Supplied data section start

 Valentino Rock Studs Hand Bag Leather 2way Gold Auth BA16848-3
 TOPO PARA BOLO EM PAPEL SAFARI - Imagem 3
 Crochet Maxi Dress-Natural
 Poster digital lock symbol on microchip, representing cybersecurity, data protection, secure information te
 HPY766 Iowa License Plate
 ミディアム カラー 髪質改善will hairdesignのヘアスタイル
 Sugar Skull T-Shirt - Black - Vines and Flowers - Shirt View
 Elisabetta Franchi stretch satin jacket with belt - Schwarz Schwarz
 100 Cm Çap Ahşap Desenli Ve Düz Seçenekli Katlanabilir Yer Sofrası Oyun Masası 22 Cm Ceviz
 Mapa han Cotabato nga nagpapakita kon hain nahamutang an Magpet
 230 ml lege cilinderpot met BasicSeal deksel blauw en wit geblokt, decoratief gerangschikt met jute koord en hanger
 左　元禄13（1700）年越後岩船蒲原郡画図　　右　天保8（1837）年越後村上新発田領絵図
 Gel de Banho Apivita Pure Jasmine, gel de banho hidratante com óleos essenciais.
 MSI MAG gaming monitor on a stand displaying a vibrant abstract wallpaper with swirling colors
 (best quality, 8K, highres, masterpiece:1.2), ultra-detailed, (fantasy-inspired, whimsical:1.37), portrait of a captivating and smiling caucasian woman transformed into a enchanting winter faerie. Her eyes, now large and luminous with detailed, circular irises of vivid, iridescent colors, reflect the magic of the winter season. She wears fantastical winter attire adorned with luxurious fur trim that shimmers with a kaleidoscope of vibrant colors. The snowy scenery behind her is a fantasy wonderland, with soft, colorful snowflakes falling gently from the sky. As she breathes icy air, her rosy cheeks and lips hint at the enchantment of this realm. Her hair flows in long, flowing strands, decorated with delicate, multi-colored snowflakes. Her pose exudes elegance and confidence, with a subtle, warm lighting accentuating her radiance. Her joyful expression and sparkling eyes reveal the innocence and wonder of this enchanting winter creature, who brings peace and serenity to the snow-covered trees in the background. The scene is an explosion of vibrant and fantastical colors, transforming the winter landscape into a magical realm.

Supplied data section end

◆ **Work request**: Write the records again exactly as they stand.

◆ **Written response**:
 Valentino Rock Studs Hand Bag Leather 2way Gold Auth BA16848-3
 TOPO PARA BOLO EM PAPEL SAFARI - Imagem 3
 Crochet Maxi Dress-Natural
 Poster digital lock symbol on microchip, representing cybersecurity, data protection, secure information te
 HPY766 Iowa License Plate
 ミディアム カラー 髪質改善will hairdesignのヘアスタイル
 Sugar Skull T-Shirt - Black - Vines and Flowers - Shirt View
 Elisabetta Franchi stretch satin jacket with belt - Schwarz Schwarz
 100 Cm Çap Ahşap Desenli Ve Düz Seçenekli Katlanabilir Yer Sofrası Oyun Masası 22 Cm Ceviz
 Mapa han Cotabato nga nagpapakita kon hain nahamutang an Magpet
 230 ml lege cilinderpot met BasicSeal deksel blauw en wit geblokt, decoratief gerangschikt met jute koord en hanger
 左　元禄13（1700）年越後岩船蒲原郡画図　　右　天保8（1837）年越後村上新発田領絵図
 Gel de Banho Apivita Pure Jasmine, gel de banho hidratante com óleos essenciais.
 MSI MAG gaming monitor on a stand displaying a vibrant abstract wallpaper with swirling colors
 (best quality, 8K, highres, masterpiece:1.2), ultra-detailed, (fantasy-inspired, whimsical:1.37), portrait of a captivating and smiling caucasian woman transformed into a enchanting winter faerie. Her eyes, now large and luminous with detailed, circular irises of vivid, iridescent colors, reflect the magic of the winter season. She wears fantastical winter attire adorned with luxurious fur trim that shimmers with a kaleidoscope of vibrant colors. The snowy scenery behind her is a fantasy wonderland, with soft, colorful snowflakes falling gently from the sky. As she breathes icy air, her rosy cheeks and lips hint at the enchantment of this realm. Her hair flows in long, flowing strands, decorated with delicate, multi-colored snowflakes. Her pose exudes elegance and confidence, with a subtle, warm lighting accentuating her radiance. Her joyful expression and sparkling eyes reveal the innocence and wonder of this enchanting winter creature, who brings peace and serenity to the snow-covered trees in the background. The scene is an explosion of vibrant and fantastical colors, transforming the winter landscape into a magical realm.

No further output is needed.